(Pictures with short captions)
- Opening Delimiter -
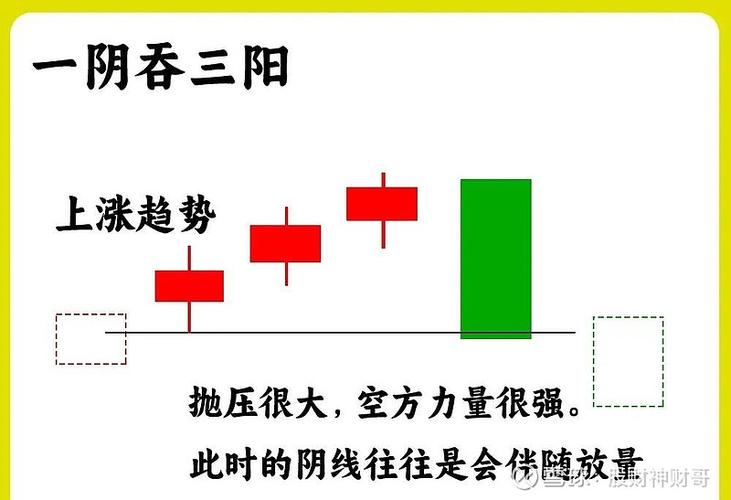 隔夜委托买涨停股技巧_涨停股买入技巧_隔夜委托涨停股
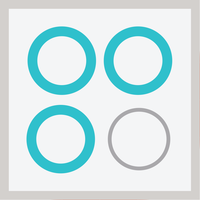 practically.io limited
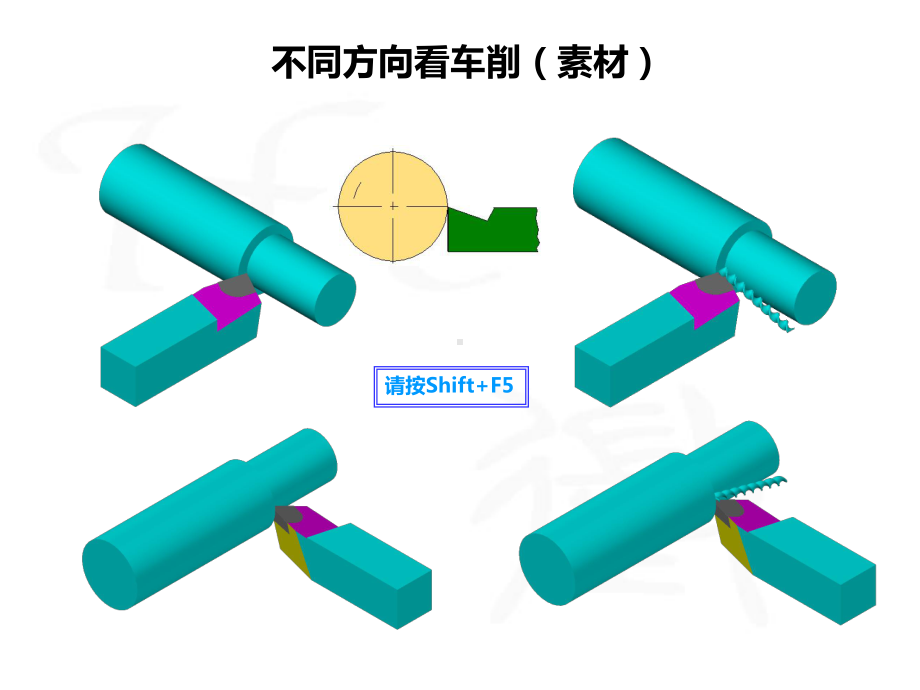 车刀角度详解课件.ppt_第2页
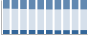 Grafico struttura della popolazione Comune di Bovino (FG)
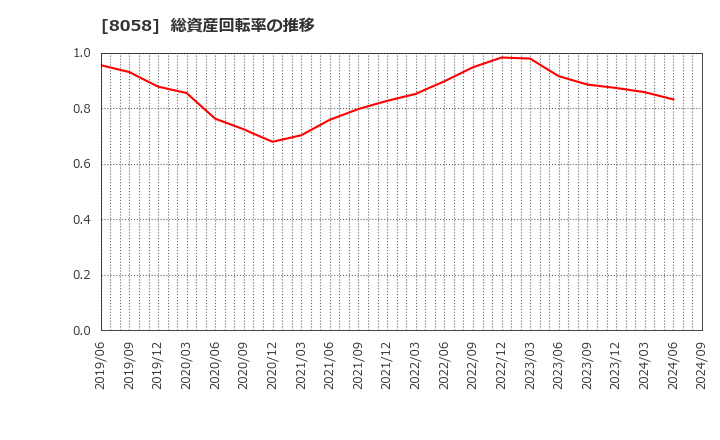 8058 三菱商事(株): 総資産回転率の推移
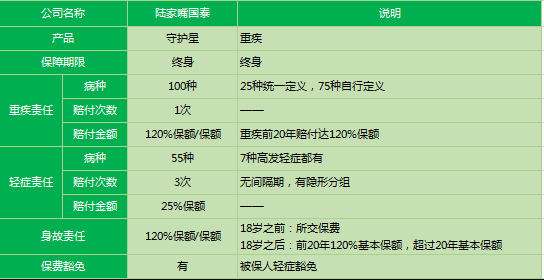 陸家嘴國泰守護星2019怎么樣 值得購買嗎？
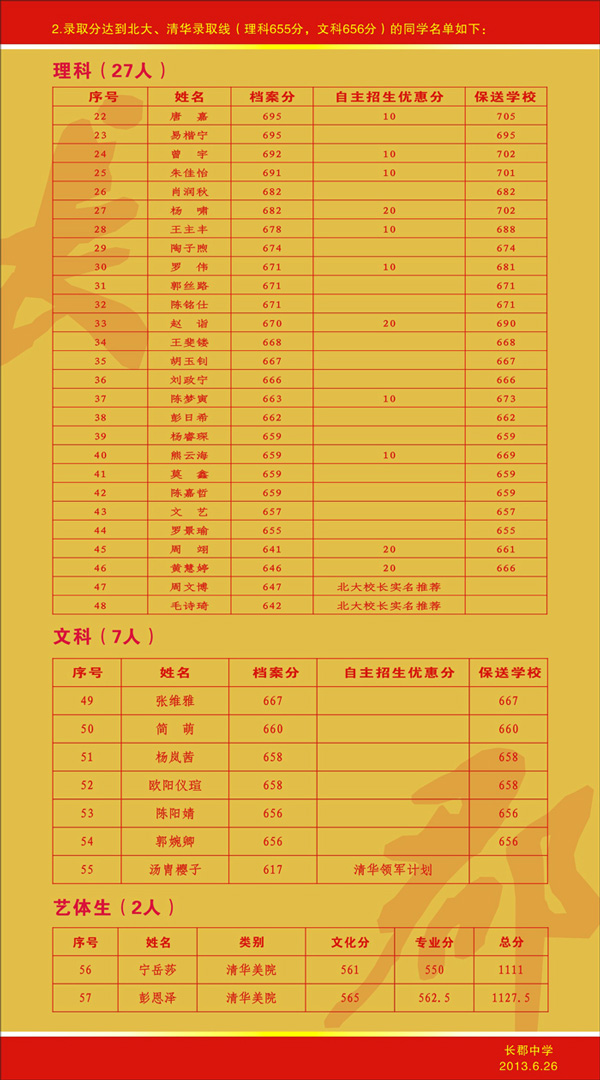 艺考成绩查询入口官网_新梦艺考网成绩查询_艺考查询成绩网站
- Closing Delimiter -
• **REQUIREMENT**
The lines from the one containing "陸家嘴國泰守護星2019怎么樣 值得購買嗎？" through the last line above are to be repeated exactly, and only those. Any pictures must be left out.

• **OUTPUT FOR THIS TASK**
 陸家嘴國泰守護星2019怎么樣 值得購買嗎？
 艺考成绩查询入口官网_新梦艺考网成绩查询_艺考查询成绩网站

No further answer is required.